### Input data:

#####

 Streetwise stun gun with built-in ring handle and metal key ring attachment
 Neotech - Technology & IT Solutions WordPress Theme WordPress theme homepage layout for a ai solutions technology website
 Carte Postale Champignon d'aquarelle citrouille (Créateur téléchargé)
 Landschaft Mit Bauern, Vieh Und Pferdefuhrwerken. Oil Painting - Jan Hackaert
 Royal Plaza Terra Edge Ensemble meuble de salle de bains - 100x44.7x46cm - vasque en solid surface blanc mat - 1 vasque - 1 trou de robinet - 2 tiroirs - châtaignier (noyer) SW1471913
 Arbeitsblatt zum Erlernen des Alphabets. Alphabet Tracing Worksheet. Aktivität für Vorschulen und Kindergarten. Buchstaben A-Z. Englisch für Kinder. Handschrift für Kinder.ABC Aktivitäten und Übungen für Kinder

#####

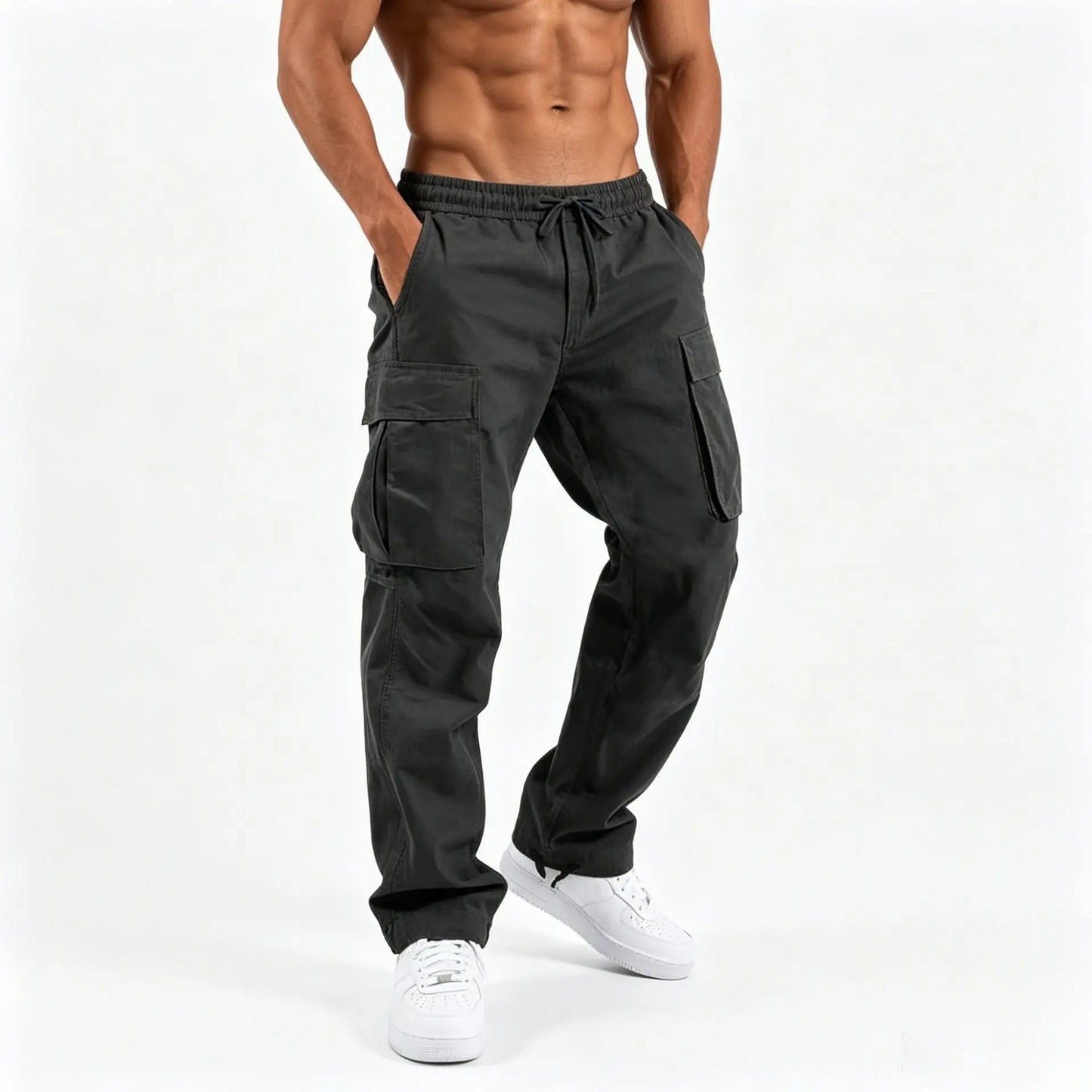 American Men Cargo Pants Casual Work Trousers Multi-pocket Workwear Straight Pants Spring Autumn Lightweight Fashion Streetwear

#####

### Assignment:
For this exercise, repeat exactly the lines of the data above from the one with "Streetwise stun gun" down to the one with "Landschaft Mit Bauern, Vieh", both end lines included.

### Written solution:
 Streetwise stun gun with built-in ring handle and metal key ring attachment
 Neotech - Technology & IT Solutions WordPress Theme WordPress theme homepage layout for a ai solutions technology website
 Carte Postale Champignon d'aquarelle citrouille (Créateur téléchargé)
 Landschaft Mit Bauern, Vieh Und Pferdefuhrwerken. Oil Painting - Jan Hackaert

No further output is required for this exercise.